Como é seu processo de criação?
Para o projeto, a criação é conjunta, é minha e da menina em foco. Rolam horas de conversa sobre corpo, realidades, preconceitos, sobre ser mulher, se sentir abusada, ofendida, tamanhos de corpo, auto estima e etc. É essa longa conversa que determina em que sentindo as fotos devem caminhar, e a partir desse ponto, eu e a modelo nos entregamos ao que as emoções vão pedindo. É muito engraçado como cada sessão é completamente diferente da outra.
Algo muito presente em suas fotos é o clima de intimidade e a sensação de aceitação das mulheres em relação ao corpo delas, isso é algo que você trabalha antes, dirige durante o ensaio ou você aposta na naturalidade e na espontaneidade?

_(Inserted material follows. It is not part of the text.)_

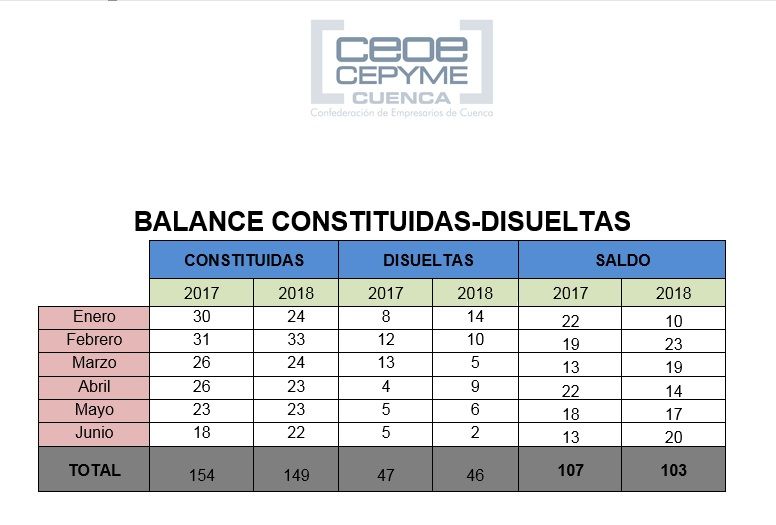 CEOE CEPYME Cuenca señala que la reducción de las sociedades disueltas, no compensa el balance a mitad de año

Como eu disse, a intimidade e confiança são frutos de uma longa conversa que temos antes de começarmos as fotos, o que é essencial pra que a modelo fique a vontade na minha presença, e mais do que isso, tenha total conhecimento e consciência de suas relações com o próprio corpo, depois durante as fotos a direção é muito pequena, as coisas acabam fluindo com bastante naturalidade.
Como é sua abordagem para fotografar essas mulheres?
Muitas delas depois de conhecerem o projeto me procuraram pois tinham interesse em participar, salvo algumas exceções que foram convidadas por mim, de resto, é o que já foi dito!
Quais são os prós e contras em se trabalhar nesse estilo fotográfico?
É muito gratificante conseguir ajudar uma mulher normal a se amar, aceitar e se sentir bonita, não que todas não sejam lindas, mas muitas de nós não conhecemos nossas belezas e nem nos damos conta delas… Quando algumas mulheres veem o resultado das fotos se transformam, passam a acreditar mais em si próprias, faz bem pra autoestima e tudo mais, e participar desse processo na vida de alguém é muito lindo e prazeroso, porém, por outro lado ainda existe hoje muita gente que vê esse tipo de trabalho relacionado com pornografia e coisas do gênero, o que me desmotiva muito, pois tento trabalhar indo na contramão dessa linguagem e mesmo assim recebo mensagens me que dizem que isso é “pouca vergonha” e etc, pelo menos esses são minoria!
Se pudesse definir seu trabalho em uma palavra, qual seria?
Alma.
Por fim, poderia deixar algumas dicas para os leitores do Fotografia-DG que se interessam pelo seu estilo de fotos?
Diane Arbus uma vez escreveu que “uma fotografia é um segredo sobre um segredo” e eu acredito muito nisso. Não importa quem ou o que você fotografa a intimidade e as emoções tem que estar ali, o tempo todo. Uma fotografia não pode apenas ser esteticamente harmônica, mas deve carregar todos os sentimentos passiveis de serem exprimidos em um momento. Muita conversa, conhecer sua modelo, estar em pé de igualdade com o objeto fotografado, tudo isso influência nos detalhes mais importantes para a imagem final. Se feita com amor e dedicação, não tem como dar errado!